Dass Orban kein netter Mensch ist, lässt sich nicht bestreiten – einerseits. Andererseits ist der halbjährige Wechsel im Ratsvorsitz, bei dem jeder mal dran kommt, lange geübte Praxis. (Ist das eigentlich “gesetzlich” festgelegt?) Wenn jetzt eine EU-Ratsvorsitz-Cancel-Culture einführt, stellt sich natürlich sehr schnell die Frage “Was sind die Kriterien, nach denen ein Land ge-cancelled werden darf?”
– Bockigkeit? Da gäbe es neben Ungarn auch noch andere.
– Verstösse gegen die Rechtsstaatlichkeit? Dann darf Polen auch nicht mehr vorsitzen.
– Beihilfe zum Steuerbetrug? Dann sind Malta, Irland, Niederlande, Luxemburg, … außen vor.
– Zu hohe Staatsverschuldung? Da würde die Liste lang werden.
– …
Eine Lex-Budapest “Weil uns die außenpolitische Linie Ungarns in den letzten 12 Monaten nicht gefallen hat, …” klingt arg willkürlich.
Hekla
2. Juni 2023 @ 08:35
Merkwürdig: als Ungarn im Sommer 1989 die Grenze für die Tausenden von DDR-Bürgern aufgemacht hat, die unter unwürdigsten Bedingungen in Ungarn festsaßen und nur so in den Westen konnten, hat sich niemand darüber beschwert, dass sich Ungarn nicht an geltende Regeln hält und sich nicht exakt so verhält, wie alle anderen Ostblockstaaten – und das Öffnen der Grenze war ein Regelbruch von historischen Dimensionen. Wie Ungarn damals dafür gerade von Deutschland gelobt wurde… nun scheint Deutschland komplett vergessen zu haben, welches Land den ersten Grundstein für die deutsche Wiedervereinigung gelegt hat.
Ich lese regelmäßig die ungarische Presse und ja: in Ungarn wird es allgemein so gesehen, so empfunden, dass das Land der Paria der EU ist. Ungarn ist ein vollwertiges EU-Mitglied, mit allen entsprechenden Pflichten und Rechten. Sollte das Land gegen Grundwerte verstoßen, dann muss das im Rahmen der dafür vorgesehenen Verfahren geahndet werden. Aber das Blockieren von Beschlüssen z.B. und der Versuch, eigene politischen Vorstellungen zu behaupten, dürfte nach rechtsstaatlichen Gesichtspunkten ein völlig legitimer Vorgang sein und unter der von der EU sonst propagierten Vielfalt der Staaten subsumiert werden.
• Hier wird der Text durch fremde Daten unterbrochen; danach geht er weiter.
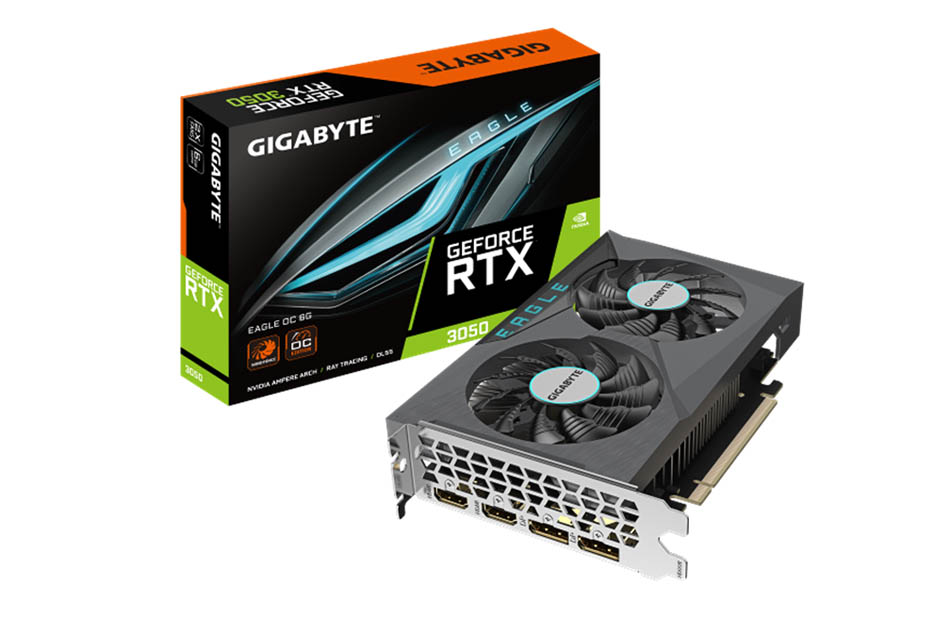 GIGABYTE ra mắt card đồ họa GeForce RTX 3050 6G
Die EU tut sich selbst keinen Gefallen damit, ein vollwertiges EU-Mitglied derart repressiv und undemokratisch zu behandeln – wenn gleichzeitig das Nichtmitglied und in jeder Hinsicht gescheiterter Staat Ukraine zum demokratischen Vorbild erhoben wird. Hier tut sich ein Abgrund an Glaubwürdigkeitsdefizit auf.